This beef jerky is my to-go recipe for an easy, nutritious, satisfying, and easily-portable snack. I’ve fine-tuned the recipe over the years and simplified it, so that it’s both easy to make and incredibly tasty.
A secret ingredient — that also has lots of health benefits — makes this jerky extra tender. Read on to find the secrets (including the secret ingredient!) on how to make the best and the most tender beef jerky!
How to Make Homemade Beef Jerky
This is a straightforward beef jerky recipe with just 5 ingredients. Although the jerky takes some time to make, the preparations are pretty easy. You just slice the meat, let it marinate overnight, spread onto a baking rack, let bake for about 6 hours at a very low temperature, and you are done. So, as you see, there is only a little work in this recipe and lots of waiting time — which you can use for doing something you love!
This recipe makes two batches. While the first batch is drying in the oven, you can keep the rest of the marinated beef in the fridge and dry in the oven once the first batch is done.
But let’s talk about the ingredients. For the meat, I’ve noticed that sirloin works best. Everything else tends to make tough jerky.
Over the years, I’ve tried several types of meat and always return using sirloin because it makes the best and the most tender jerky. To maximize the nutritiousness and the health benefits, go for grass-fed and grass-finished beef if you can.
For the marinade, I prefer to use coconut aminos or tamari (fermented soy sauce) as the base. Sometimes, I use just coconut aminos and sometimes just tamari, but I often combine these two in different ratios.
Just notice that coconut aminos contain more carbs than tamari. And if you go for tamari, use the traditional type, which is fermented (no shortcuts here!) and doesn’t contain wheat or gluten.
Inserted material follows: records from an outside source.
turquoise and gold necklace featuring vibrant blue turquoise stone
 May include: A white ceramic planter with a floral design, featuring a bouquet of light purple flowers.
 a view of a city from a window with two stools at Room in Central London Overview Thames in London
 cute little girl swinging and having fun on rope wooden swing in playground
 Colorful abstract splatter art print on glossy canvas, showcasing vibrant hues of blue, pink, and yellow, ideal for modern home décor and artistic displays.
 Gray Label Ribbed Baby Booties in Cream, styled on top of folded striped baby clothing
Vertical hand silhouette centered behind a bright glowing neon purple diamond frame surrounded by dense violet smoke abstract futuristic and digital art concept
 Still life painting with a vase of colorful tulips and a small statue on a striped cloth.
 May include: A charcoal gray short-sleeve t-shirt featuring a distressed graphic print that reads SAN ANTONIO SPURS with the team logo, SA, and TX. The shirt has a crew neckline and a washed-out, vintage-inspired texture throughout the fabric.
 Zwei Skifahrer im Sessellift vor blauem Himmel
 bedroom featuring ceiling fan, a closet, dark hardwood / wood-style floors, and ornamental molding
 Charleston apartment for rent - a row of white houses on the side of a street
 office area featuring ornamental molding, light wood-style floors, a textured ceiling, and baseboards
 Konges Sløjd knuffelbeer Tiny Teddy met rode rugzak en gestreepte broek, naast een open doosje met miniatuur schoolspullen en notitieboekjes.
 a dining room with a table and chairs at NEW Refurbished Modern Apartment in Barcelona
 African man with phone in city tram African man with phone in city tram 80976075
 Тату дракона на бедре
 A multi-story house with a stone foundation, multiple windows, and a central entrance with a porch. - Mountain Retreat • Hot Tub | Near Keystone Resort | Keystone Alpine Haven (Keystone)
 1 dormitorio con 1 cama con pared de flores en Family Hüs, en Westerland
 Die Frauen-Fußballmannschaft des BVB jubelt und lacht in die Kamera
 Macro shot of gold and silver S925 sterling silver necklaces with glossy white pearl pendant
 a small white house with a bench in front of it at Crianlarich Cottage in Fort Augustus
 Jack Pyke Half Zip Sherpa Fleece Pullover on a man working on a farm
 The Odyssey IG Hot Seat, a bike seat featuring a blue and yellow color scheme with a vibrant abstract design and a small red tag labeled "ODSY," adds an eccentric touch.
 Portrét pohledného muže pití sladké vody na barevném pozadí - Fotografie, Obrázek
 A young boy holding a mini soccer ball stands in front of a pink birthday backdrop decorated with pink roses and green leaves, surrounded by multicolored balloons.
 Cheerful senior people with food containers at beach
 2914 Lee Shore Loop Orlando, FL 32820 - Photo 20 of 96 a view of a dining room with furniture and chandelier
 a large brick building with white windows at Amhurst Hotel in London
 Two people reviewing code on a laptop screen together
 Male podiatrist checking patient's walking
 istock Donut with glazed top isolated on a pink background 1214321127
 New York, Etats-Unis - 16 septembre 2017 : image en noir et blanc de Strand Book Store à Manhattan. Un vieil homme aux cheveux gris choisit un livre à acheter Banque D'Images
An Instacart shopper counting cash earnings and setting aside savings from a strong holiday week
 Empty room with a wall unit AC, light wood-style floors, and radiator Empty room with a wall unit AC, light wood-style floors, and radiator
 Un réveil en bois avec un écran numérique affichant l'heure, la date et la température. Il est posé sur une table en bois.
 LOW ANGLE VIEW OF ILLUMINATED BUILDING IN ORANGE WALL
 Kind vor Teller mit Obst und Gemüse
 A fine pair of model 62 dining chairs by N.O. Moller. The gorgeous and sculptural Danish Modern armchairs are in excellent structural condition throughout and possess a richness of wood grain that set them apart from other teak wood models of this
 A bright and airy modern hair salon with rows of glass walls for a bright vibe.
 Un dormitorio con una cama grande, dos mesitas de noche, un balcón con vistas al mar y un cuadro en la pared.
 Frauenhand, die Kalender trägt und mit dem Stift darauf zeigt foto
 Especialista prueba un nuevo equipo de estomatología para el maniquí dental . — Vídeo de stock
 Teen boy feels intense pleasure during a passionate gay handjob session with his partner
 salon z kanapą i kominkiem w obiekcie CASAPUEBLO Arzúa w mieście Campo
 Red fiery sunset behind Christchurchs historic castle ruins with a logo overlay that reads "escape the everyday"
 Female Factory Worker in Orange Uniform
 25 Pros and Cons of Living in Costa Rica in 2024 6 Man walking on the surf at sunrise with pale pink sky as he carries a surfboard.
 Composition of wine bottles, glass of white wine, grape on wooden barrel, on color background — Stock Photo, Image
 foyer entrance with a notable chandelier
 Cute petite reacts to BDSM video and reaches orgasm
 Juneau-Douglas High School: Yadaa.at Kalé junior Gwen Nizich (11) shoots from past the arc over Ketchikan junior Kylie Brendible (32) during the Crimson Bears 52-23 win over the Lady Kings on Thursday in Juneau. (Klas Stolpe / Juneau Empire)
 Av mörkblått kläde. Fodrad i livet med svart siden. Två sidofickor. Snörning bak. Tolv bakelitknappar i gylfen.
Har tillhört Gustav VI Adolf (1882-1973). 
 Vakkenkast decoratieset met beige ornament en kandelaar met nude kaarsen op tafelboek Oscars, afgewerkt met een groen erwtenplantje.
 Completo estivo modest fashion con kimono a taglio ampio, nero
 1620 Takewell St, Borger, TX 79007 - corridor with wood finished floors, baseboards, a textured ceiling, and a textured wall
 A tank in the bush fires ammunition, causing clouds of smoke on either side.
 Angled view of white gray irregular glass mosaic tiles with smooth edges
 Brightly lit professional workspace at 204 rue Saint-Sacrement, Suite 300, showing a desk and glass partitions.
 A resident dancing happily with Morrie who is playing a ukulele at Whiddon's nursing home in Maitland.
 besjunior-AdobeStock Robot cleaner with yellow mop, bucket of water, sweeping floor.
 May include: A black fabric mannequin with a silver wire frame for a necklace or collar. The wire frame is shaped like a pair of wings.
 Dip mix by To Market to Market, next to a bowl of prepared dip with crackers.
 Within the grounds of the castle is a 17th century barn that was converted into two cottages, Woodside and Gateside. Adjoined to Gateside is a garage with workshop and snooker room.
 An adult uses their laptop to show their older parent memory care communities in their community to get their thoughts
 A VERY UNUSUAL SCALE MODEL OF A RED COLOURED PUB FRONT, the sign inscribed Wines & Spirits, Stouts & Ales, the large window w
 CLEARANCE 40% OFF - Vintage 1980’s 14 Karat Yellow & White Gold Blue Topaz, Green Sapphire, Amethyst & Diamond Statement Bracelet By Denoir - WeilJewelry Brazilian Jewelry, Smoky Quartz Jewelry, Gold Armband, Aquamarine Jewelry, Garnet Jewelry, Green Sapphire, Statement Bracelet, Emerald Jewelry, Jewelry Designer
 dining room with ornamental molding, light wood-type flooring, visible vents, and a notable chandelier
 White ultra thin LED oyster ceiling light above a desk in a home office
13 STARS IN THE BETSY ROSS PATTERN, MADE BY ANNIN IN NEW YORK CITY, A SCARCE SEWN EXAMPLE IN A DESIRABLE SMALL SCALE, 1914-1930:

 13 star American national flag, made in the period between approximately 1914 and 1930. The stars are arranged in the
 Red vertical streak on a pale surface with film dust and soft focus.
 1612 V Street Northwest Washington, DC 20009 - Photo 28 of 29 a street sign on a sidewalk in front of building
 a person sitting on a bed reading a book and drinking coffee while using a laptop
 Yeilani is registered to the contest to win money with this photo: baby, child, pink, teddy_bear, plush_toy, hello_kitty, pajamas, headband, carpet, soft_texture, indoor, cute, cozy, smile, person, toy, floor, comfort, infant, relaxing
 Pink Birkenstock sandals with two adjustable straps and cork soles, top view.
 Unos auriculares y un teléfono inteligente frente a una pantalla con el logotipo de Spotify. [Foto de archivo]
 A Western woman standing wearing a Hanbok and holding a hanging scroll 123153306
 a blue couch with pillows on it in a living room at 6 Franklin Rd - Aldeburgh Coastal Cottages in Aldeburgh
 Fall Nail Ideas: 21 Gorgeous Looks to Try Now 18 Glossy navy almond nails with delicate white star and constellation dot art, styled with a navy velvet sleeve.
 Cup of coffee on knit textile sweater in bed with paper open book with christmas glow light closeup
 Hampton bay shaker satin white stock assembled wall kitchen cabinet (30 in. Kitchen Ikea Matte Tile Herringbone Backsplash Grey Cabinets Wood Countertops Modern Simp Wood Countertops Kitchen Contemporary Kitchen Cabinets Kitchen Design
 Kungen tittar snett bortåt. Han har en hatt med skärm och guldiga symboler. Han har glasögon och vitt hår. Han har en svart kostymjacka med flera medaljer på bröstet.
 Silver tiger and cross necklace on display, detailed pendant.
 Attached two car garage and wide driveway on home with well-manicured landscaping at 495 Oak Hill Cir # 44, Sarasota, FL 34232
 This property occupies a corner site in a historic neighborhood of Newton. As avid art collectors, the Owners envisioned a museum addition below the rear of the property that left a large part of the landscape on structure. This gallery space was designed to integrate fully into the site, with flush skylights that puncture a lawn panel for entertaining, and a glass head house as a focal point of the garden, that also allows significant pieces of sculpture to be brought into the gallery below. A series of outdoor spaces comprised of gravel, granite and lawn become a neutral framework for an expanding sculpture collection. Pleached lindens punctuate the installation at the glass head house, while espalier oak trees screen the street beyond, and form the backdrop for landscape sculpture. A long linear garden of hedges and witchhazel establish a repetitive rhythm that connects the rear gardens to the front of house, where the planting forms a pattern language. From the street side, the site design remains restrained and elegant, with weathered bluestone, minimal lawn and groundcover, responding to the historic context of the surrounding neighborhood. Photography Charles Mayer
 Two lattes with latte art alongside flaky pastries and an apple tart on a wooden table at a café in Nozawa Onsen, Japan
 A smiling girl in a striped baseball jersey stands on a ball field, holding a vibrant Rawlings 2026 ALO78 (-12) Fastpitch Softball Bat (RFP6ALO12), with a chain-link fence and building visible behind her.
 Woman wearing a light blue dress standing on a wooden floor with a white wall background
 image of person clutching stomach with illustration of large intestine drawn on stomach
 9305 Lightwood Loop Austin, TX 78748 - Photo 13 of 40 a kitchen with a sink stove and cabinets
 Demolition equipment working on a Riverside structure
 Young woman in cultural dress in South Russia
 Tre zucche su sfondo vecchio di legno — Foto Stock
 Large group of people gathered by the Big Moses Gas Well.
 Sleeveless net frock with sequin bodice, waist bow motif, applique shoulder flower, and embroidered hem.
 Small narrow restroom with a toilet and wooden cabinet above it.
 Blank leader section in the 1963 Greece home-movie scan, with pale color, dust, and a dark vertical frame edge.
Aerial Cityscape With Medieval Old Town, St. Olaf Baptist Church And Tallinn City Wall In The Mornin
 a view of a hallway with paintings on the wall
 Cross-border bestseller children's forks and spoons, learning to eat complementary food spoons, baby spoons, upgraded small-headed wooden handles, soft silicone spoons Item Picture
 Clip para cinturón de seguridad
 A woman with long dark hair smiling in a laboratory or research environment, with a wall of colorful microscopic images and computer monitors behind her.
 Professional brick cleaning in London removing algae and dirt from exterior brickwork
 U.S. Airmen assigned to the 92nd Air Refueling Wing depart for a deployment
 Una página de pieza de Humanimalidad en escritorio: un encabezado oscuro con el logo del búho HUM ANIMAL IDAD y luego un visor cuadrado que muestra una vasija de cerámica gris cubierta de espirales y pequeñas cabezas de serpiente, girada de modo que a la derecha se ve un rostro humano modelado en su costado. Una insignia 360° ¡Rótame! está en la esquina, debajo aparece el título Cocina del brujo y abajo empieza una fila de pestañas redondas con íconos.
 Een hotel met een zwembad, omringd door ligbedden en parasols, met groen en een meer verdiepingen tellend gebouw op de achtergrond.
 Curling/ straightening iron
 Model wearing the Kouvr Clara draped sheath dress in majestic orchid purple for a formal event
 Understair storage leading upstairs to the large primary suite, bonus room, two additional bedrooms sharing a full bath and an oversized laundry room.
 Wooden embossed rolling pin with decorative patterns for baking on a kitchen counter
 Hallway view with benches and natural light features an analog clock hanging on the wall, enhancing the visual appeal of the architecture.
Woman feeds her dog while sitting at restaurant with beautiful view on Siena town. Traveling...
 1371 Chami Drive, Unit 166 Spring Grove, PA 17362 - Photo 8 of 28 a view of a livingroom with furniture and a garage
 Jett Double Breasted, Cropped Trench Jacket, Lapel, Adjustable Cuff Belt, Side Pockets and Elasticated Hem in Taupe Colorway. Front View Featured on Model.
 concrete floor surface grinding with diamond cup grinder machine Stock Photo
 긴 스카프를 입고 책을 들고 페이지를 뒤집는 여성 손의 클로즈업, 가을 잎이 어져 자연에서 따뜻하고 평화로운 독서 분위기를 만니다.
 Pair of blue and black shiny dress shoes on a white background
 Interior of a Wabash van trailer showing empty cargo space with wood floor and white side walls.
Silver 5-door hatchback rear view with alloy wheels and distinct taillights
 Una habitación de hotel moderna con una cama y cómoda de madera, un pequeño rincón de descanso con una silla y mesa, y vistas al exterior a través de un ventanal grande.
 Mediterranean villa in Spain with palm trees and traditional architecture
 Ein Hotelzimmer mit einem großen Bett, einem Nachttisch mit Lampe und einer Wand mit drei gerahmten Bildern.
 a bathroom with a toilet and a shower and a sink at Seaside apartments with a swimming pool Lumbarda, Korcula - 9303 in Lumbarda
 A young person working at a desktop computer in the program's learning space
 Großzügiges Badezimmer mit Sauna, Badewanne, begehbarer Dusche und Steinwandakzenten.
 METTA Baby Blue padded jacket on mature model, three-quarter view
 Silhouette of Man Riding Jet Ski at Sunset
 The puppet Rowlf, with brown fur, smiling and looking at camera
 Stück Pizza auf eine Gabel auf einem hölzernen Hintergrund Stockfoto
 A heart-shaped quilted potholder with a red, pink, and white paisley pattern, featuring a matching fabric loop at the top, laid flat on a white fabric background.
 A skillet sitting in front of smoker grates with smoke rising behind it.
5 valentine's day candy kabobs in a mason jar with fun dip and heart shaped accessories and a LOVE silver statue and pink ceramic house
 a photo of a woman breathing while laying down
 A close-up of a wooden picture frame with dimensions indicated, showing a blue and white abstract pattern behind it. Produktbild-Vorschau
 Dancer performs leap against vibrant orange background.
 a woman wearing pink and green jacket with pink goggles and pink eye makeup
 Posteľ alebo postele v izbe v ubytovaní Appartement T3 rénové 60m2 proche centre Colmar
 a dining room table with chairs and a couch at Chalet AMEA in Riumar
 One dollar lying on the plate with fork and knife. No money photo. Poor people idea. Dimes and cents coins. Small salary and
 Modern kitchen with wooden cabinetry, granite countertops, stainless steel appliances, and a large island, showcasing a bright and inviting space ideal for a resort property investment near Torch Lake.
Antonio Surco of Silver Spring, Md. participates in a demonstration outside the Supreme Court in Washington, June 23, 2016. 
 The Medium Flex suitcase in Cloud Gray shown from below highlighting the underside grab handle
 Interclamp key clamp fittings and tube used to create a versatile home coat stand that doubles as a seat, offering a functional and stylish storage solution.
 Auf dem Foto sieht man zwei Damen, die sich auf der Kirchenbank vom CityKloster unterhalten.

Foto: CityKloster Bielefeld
Now, you must be dying to hear the secret ingredient: it’s raw apple cider vinegar, i.e., good old ACV. Having numerous health benefits, this incredible ingredient also helps make meat more tender. That’s one of the reasons why I use it in my beef jerky.
Apple cider vinegar also lends an appetizing tang to the meat, so that’s another reason I love using it in my jerky.
There are several spices you can use in your beef jerky, from mild to fiery. As I make a whole-family version, I favor mild flavors. This recipe uses onion powder as a natural flavor enhancer and either black or white pepper to lend a tongue-tickling kick.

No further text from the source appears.